Federalism also allows diversity preferences for different states and it masses. It is prudent to note that different states have different priorities and needs thus decentralization allows for full exhaustion of opportunities and proper catering of needs. This system of governance also encourages liberty through ease in movement and healthy competition. The citizens can easily move to state of their preferences for instance gay individuals can move to the states where they are better tolerated. The states in terms of competition come up with policies and incentives that enhance healthy competition in terms of investments and general development.
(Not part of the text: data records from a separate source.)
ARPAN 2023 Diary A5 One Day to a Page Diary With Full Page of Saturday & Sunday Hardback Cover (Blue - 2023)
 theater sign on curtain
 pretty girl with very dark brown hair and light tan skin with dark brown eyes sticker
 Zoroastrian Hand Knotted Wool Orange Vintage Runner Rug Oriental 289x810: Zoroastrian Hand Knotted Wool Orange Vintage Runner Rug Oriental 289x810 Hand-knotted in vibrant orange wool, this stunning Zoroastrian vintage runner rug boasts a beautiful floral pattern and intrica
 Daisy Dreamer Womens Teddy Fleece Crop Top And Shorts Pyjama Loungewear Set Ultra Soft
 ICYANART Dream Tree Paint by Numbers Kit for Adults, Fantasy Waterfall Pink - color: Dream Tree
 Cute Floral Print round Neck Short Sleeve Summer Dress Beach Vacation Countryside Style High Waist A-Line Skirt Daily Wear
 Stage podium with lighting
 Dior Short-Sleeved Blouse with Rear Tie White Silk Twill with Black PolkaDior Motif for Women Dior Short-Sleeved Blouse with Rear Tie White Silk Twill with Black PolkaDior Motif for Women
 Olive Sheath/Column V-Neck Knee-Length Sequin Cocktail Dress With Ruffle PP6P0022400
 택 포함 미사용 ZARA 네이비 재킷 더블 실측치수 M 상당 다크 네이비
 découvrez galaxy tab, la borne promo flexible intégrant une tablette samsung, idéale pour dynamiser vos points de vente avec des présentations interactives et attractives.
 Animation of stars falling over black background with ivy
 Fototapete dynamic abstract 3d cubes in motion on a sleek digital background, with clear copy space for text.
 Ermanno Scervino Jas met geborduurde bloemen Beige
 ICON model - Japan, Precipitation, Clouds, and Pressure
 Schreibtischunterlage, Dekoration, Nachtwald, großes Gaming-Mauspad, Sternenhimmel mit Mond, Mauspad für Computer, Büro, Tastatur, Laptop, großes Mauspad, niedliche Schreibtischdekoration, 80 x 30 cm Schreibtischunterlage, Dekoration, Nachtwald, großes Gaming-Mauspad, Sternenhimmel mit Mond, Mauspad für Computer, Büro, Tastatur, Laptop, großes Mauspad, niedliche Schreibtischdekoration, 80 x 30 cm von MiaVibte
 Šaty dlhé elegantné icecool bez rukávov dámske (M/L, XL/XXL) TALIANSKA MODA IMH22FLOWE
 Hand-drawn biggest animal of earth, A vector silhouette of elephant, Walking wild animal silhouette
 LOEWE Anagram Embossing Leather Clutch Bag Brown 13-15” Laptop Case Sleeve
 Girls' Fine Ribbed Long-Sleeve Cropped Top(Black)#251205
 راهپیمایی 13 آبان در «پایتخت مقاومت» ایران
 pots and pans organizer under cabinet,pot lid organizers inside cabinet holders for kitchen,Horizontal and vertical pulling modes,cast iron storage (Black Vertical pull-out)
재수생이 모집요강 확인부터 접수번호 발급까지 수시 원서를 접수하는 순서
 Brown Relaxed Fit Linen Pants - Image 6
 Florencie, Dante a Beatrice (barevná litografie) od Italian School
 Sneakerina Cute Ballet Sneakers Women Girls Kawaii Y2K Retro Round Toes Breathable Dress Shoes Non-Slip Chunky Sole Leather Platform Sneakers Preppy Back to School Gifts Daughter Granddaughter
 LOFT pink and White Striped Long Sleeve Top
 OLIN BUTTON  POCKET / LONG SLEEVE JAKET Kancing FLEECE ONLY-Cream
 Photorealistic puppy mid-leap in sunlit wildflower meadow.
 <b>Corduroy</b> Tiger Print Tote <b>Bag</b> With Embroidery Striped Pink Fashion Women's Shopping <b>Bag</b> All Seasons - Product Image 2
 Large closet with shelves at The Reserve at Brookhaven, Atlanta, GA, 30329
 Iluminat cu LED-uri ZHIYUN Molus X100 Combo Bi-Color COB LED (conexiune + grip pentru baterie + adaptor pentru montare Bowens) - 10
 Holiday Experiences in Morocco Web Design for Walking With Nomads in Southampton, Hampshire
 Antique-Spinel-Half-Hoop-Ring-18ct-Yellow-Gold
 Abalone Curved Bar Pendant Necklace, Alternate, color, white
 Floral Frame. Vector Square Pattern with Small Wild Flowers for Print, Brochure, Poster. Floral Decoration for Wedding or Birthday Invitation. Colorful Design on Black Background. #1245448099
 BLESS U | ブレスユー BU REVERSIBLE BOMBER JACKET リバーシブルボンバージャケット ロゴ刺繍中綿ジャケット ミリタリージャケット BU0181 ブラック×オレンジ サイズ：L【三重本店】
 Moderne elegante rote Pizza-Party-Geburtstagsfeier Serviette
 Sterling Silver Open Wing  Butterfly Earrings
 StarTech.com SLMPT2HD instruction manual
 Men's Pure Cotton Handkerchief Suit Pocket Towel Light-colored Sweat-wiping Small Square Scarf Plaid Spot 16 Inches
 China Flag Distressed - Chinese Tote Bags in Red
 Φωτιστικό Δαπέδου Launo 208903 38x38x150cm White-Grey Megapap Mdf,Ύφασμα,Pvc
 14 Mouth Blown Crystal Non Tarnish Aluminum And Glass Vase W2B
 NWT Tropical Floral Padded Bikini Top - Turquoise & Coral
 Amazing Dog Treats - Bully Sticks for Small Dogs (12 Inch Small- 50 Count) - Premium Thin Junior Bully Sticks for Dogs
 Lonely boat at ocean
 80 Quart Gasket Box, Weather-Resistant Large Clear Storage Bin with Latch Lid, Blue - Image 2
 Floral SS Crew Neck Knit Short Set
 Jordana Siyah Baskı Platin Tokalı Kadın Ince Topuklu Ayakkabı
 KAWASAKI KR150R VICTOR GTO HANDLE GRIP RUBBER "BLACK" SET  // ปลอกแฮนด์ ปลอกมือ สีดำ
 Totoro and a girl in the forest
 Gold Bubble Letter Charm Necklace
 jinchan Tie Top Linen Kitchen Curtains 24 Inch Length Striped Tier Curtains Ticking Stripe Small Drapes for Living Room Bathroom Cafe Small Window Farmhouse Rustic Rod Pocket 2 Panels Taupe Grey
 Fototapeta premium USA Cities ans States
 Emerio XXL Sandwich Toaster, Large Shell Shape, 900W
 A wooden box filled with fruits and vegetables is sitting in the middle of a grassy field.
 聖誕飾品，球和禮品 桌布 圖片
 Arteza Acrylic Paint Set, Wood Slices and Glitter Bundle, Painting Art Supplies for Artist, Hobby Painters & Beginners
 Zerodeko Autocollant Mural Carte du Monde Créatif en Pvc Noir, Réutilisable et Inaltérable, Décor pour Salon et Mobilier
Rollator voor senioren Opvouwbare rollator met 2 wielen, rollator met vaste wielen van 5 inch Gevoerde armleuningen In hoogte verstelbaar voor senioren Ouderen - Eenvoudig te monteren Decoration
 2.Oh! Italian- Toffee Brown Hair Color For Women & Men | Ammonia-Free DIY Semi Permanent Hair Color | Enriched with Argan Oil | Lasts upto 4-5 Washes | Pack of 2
The downside of the federalism is the lack of proper representation of the masses. Melancton Smith, an anti-federalist argued that federalism would not reflect the true picture of the United States masses but rather the first class. He cited that the government would be an oppressive government if it was dominated by the great few. The classism, in my view, can alienate majority of the masses from leadership of the federation. The cost of running a federation is also another demerit. Some of the federal government agencies like FEMA (Federal Emergency Management Association) incur a lot of costs associated with bureaucracy as it engages with state governments. The response of such agencies is also hindered by the interstate regulations. The federalism system can also encourage tyranny through draconian laws that can be enacted. The Alien Enemies Act enacted by the federal government in 1798 for instance suppressed the checks and balances system to enhance transparency (Steinmo,2010).
In conclusion, federalism in America has undergone a lot of transformation which portrays the desire by the American populace to adapt it to their needs and aspirations. The landmark rulings surrounding it also have created precedents that have been used world over in countries that practice it. The historical debates and controversy surrounding offer a good basis for democratic thought that has continued to put America at the forefront as the pioneer of democracy globally.
Gerston, L. N. (2007). American federalism: A concise introduction. Armonk, N.Y: M.E. Sharpe.
Levy, L. W., Karst, K. L., & Winkler, A. (2000). Encyclopedia of the American Constitution. New York: Macmillan Reference USA.
McCoy, C. S., Baker, J. W., & Bullinger, H. (2001). Fountainhead of federalism: Heinrich Bullinger and the covenantal tradition. Louisville, Ky: Westminster/John Knox Press.
Nagel, R. F. (2001). The implosion of American federalism. Oxford: Oxford University Press.
Steinmo, S. (2010). The evolution of modern states: Sweden, Japan, and the United States. Cambridge: Cambridge University Press.
Warren C. (2011). History of the Supreme Court of the United States. New York: Macmillan Company.